Wieder zurück in der Stadt besuchten wir noch den Spielplatz ums Eck und Emmalie kontaktete schnell mit einem hyperaktiven, gut englisch sprechenden vietnamesischen Jungen, der selbst Emmchens Aktivität übertraf. Das Schönste war der Kiosk nebenan, der kaltes Bier verkaufte. Sowas wünscht man sich auf deutschen Spielplätzen, aber dann müsste man schon zu Härterem greifen, um die abschätzigen Blicke der Dinckelkeks- und Reiswaffelmütter zu ertragen. Am Ende war Emmchen schweißgebadet und wir selig.
Nicht ausgestattet für extreme Witterung gerieten wir abends in einen Platzregen und schwammen zurück ins Bett.
Am nächsten Abend sollte endlich der von Melli schon lange heißersehnte Flug nach Phụ Quoc folgen. Abend deshalb, weil es der günstigste war. Dazu später mehr.
Den Vormittag hatte ich aber noch Zeit mein Ding durchzuziehen und eine lange Wanderung durch das chinesische Viertel zu unternehmen. Melli freute sich am meisten auf den Programmpunkt eines klassischen Marktes mit allem Erdenklichen. Zu ihrer Enttäuschung war dieser leider wegen Renovierung geschlossen und in Container daneben untergebracht. Wir wagten uns mit Kraxe durch eine Gasse, aber nachdem ich wahrscheinlich jedem zweiten marktbetreiber mit der Kraxe eine Beule verschafft hatte, weil der Gang zu eng war, gaben wir das Projekt auf. Zu Mellis Triumph kamen wir noch an einem Schuhladen vorbei, der endlich neue Turnschuhe für Emmalie brachte. Ich weiß zwar nicht genau warum sie nicht weiterhin mit Schlappen rumlaufen soll, aber Melli klärte auf, es wäre für den zarten Kinderfuß auch mal gut, ein festes Fußbett zu haben. Das hat sie nun als chinesische Variante mit rosa Häschen mit Schleife drauf für 5 EUR. Ob das gesünder ist, sei mal dahingestellt. ;)
Danach gab es endlich meine 25 chinesischen Tempel zu besichtigen und Emmchen verfiel beim zweiten in tiefsten Mittagsschlaf in der Kraxe. Es könnte auch ab den Unmengen von Räucherspiralen gelegen haben und nicht an den wirklich  faszinierenden Tempeln.
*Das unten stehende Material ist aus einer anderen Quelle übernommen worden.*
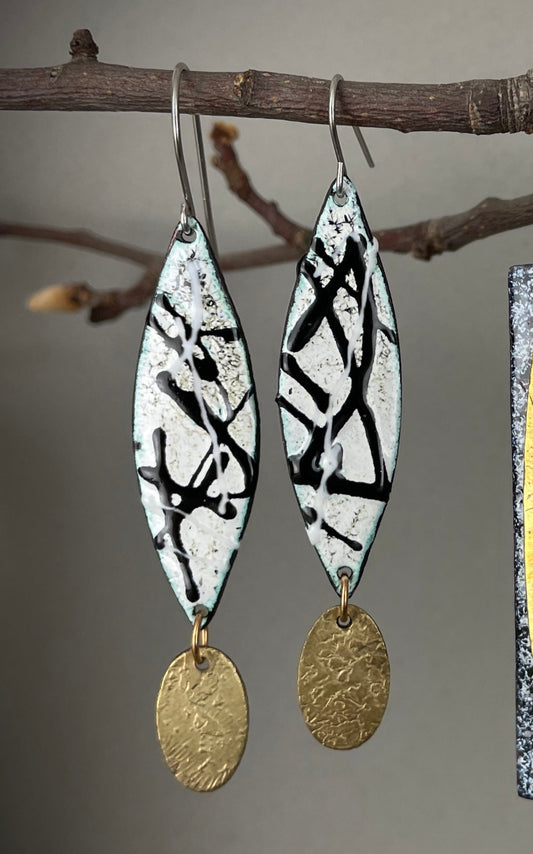 Black Stripes on White Earring by A.H. Szabo Designs
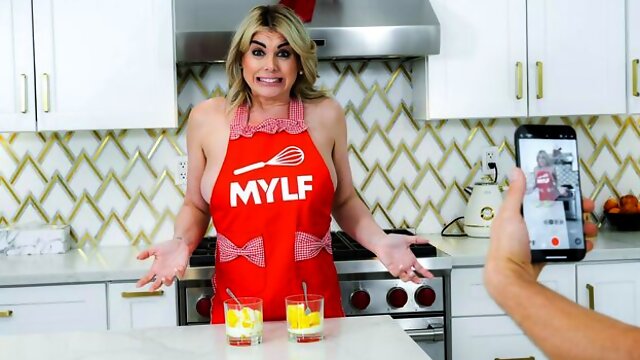 Kitchen fuck in the cowgirl pose with a gorgeous blonde Addyson James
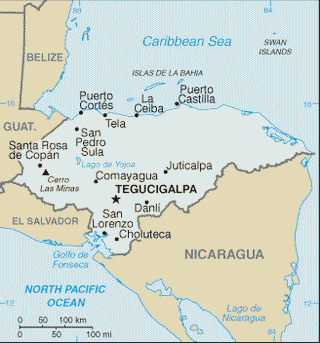 Kaart Honduras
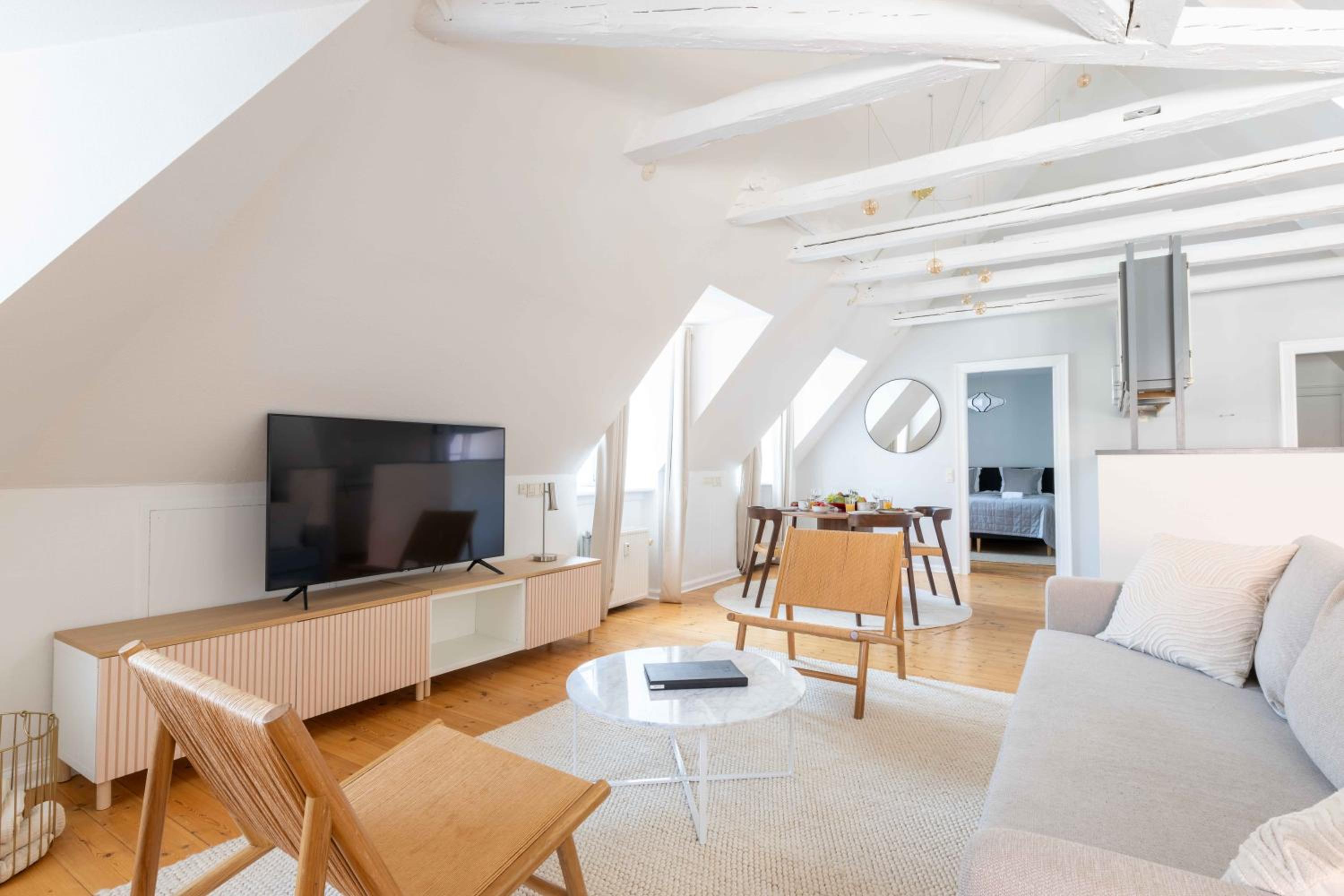 Unique Apartment w Exposed Beams Next to Tivoli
Abends ging es dann zum Flughafen und alles klappte reibungslos. Der 2 Stunden frühere Flug der gleichen Billigairline, den wir aufgrund des doppelten Preises ersparten, hatte so viel Verspätung, dass wir an der erbosten Menge fast grinsend vorbeischlenderten und unser Flug pünktlich und früher als dieser losging. 35 kurze Minuten später, kaum Zeit für einen obligatorischen Flugzeugtoilettengang, landeten wir auf Phụ Quốc. Eine weitere halbe Stunde Taxifahrt später erreichten wir alle fast im Tiefschlaf unsere Unterkunft und fielen ins Bett.